Strange Days: quando la distopia diventa ucronia

Da Bangorn @MarcoBangoSiena

Strange Days rimane dopo vent’anni uno dei miei film preferiti di una decade d’oro. Nella mia videoteca personale, era accanto ad altri titoli di quegli anni, come Il Corvo, True Romance e Pulp Fiction, per fare altri esempi, e a ritmo regolare tornavo a guardarli.

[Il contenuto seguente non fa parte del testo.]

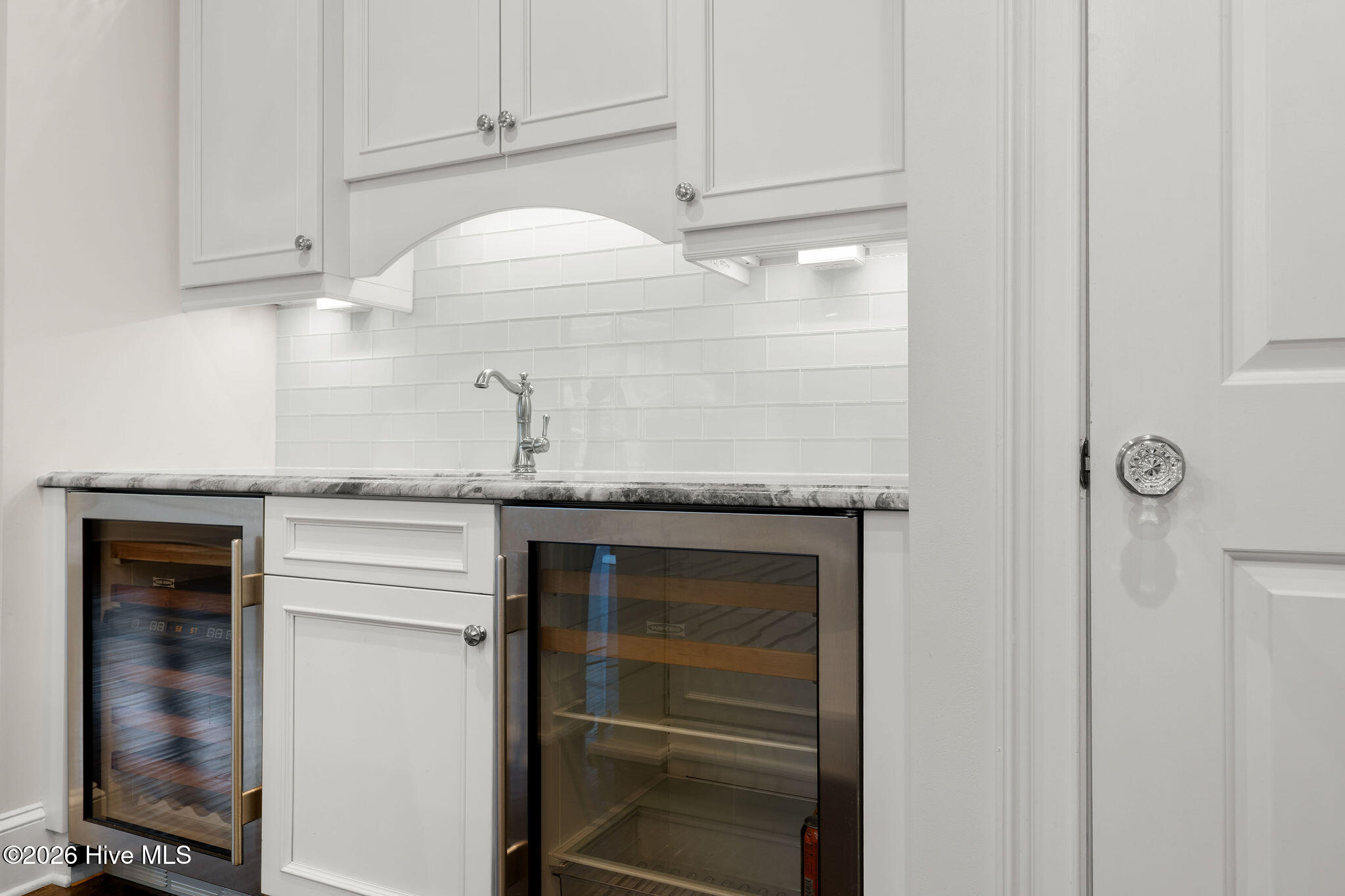 100553604 | Photo 30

La storia partiva il 29 dicembre 1999, in una distopia in cui la droga più in auge è lo squid, un impianto che si interfaccia alla corteccia cerebrale attraverso una specie di caschetto plastico. Con lo squid, si possono registrare scene di vita e farle rivivere all’acquirente. Immaginiamo quindi un apparecchio che ci faccia provare l’emozione di un atleta che vince una gara, ci faccia rivivere i brividi di un soldato in un’operazione militare, fino all’applicazione più estrema nel campo dell’erotismo. Ovviamente, qualcuno pensa di spingersi più in là, e vendere filmati in cui la gente ci rimette la pelle, definiti “blackjack”.

Lo Squid

Il protagonista, o meglio, uno dei protagonisti, è un ex poliziotto, Lenny Nero (Ralph Fiennes) un imbroglione che traffica in dischetti e si strugge per la sua ex, Faith (Juliette Lewis) che ora è diventata la stella promessa di un discografico potente e altrettanto stronzo, interpretato dal villain di quegli anni, Michael Wincott.

Faith e Philo Gant

La Rete, in quegli anni, era ancora sconosciuta, e non immaginavamo che nelle nostre case che sarebbe arrivata a breve. Pensare quindi a un apparecchio come lo squid era ancora affascinante e allo stesso tempo terribile: rivivere la vita di qualcun altro, sentirne le sensazioni, le emozioni e i sentimenti a noi estranei.

Mace e Lenny

Nonostante siano passati vent’anni, come dicevo in apertura, Strange Days è invecchiato benissimo, avendo osato guardare avanti e proponendo personaggi come Mace, l’angelo custode di Lenny, una donna che lavora come autista e bodyguard per chi se la può permettere. Angela Bassett la interpreta in maniera eccellente, accostando ai muscoli delineati e al fisico agile, una femminilità che spesso a Hollywood si dimenticano di lasciare alle donne con un’arma in mano. La Bassett non scimmiotta gli uomini, ritrae invece una donna in grado di difendere qualcuno più debole di lei, come Lenny.
Ed è interessante vedere che per una volta il protagonista non è per forza un McClane, ma le busca per quasi tutto il film, continuando nella sua ricerca, guidato solo dal ricordo che ha di Faith, e della loro vita passata.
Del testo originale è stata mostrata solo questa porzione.